Friday, June 25, 2010

Summer Fireworks at the Snack Shop



Enchanted night lights of Summer, fireworks and fireflies, illuminate the board for Mena's snack shop for the next two weeks. The macaroni salad is about a half a cup's worth, and it's really good.

Chalk markers on board, about 30" x 20".

Thursday, June 24, 2010

Unquiet Sun



The Sun is not a serene place. It is constantly erupting with explosions of flame and charged particles. Great loops of fiery gas, constrained by magnetic fields, rise above the star's surface and then fall back into the burning abyss. The Sun shoots blasts of particles out from its surface called "coronal mass ejections," some of which reach Earth and wreck our electronic communications. Maybe one of these days the Sun will emit a flare so powerful that it will short out all our telecommunications and return us to the days of handwritten letters on paper sent by postal mail. Then you will receive "Art By-Products" in a manila envelope, if color copiers still work.

I am thinking about this because due to a massive download of so-called operating system updates, my iMac hardly functions any more. Most of my familiar websites are inaccessible and Photoshop runs slowly and haltingly. Fortunately, I was able to get Photoshop working enough to prepare this picture for presentation, and "Art By-Products" was accessible. I am probably going to get a new computer, and put my 2007 model out to pasture. Yes, that is extravagant, but actually the current machine had not been performing well for quite a while, for whatever reason. If there is an interruption in By-Products, the reason will be "migration" to a newer computer.

"Unquiet Sun" is acrylic on illustration board, 7" x 10", October 1991.

Wednesday, June 23, 2010

Castle in the Clouds



There was another brief thundershower Tuesday evening, and when I emerged from work after the rainstorm, what did I see but a magical castle built in the clouds, reflecting the warm light of a summer sunset. No one else saw this but me! I took a picture of it so I could show you what I saw. In a few minutes, the castle had disappeared, back into the dimension of magical vapors.

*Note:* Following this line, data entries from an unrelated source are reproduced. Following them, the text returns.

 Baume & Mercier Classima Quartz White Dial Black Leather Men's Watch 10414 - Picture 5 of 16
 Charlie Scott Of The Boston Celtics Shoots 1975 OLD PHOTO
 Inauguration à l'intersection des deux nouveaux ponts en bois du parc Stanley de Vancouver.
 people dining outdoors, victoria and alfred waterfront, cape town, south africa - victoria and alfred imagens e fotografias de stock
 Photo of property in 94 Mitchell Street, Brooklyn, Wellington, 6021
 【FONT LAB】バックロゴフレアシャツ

I will have to admit, for the sake of mundanity, some Photoshop was used here.

Tuesday, June 22, 2010

After the Supernova



Supernovas leave a lot of debris behind when they explode. This is good, because we are made out of elements created in supernovas. The high pressure and radiation of the explosions form heavier elements out of the remains of the stars and casts them into space, where they eventually coalesce to become more stars with their planets around them. And from those environments, life evolves. Take it from there, and they build telescopes and computers and talk about supernova debris. This image depicts glowing gases of different kinds in a supernova blast area.

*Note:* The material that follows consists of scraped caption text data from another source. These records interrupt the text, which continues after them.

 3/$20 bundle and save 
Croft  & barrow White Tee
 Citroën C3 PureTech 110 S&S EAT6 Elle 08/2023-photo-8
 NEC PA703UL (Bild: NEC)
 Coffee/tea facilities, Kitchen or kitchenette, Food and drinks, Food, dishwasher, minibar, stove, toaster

My 35 mm slide transcriptions have improved a lot since I started using a compressed air squirter on the slides to remove the dust. I suppose it also helps that I started with the oldest and least well-preserved images and am now working on comparatively later images. There is a point at which I stopped doing these space pictures, though I did a few of them recently for some convention art shows.

"After the Supernova" is the usual, September 1991.

Monday, June 21, 2010

Another Beastie


He runs around the garden eating smaller pests. Bugsy isn't too large, about the size of a pea. But he's friendly and has seven eyes. He snatches his dinners with that raspy prehensile tongue. This is not a real creature, it's an imaginary one. Photoshop, not more than an hour's work, June 21, 2010. Happy Summer Solstice!

Sunday, June 20, 2010

Cloud Star Burst



Another blue painting. I must really like this color. In this one a bright globular cluster of stars can be seen behind the transparent gases of a nebula. I thought of rain while I planned this picture, which was actually a duplicate of a smaller piece I displayed at a convention. A couple of space art fans commissioned me to make a bigger version of the globular cluster piece and here it is (was). The title of both pictures is "Cloud Star Burst," combining metaphors of weather and starlight. There is nothing more lovely to me than a summer rainstorm on a hot humid day, passing by leaving a rainbow in its wake. No rainbow in this picture though.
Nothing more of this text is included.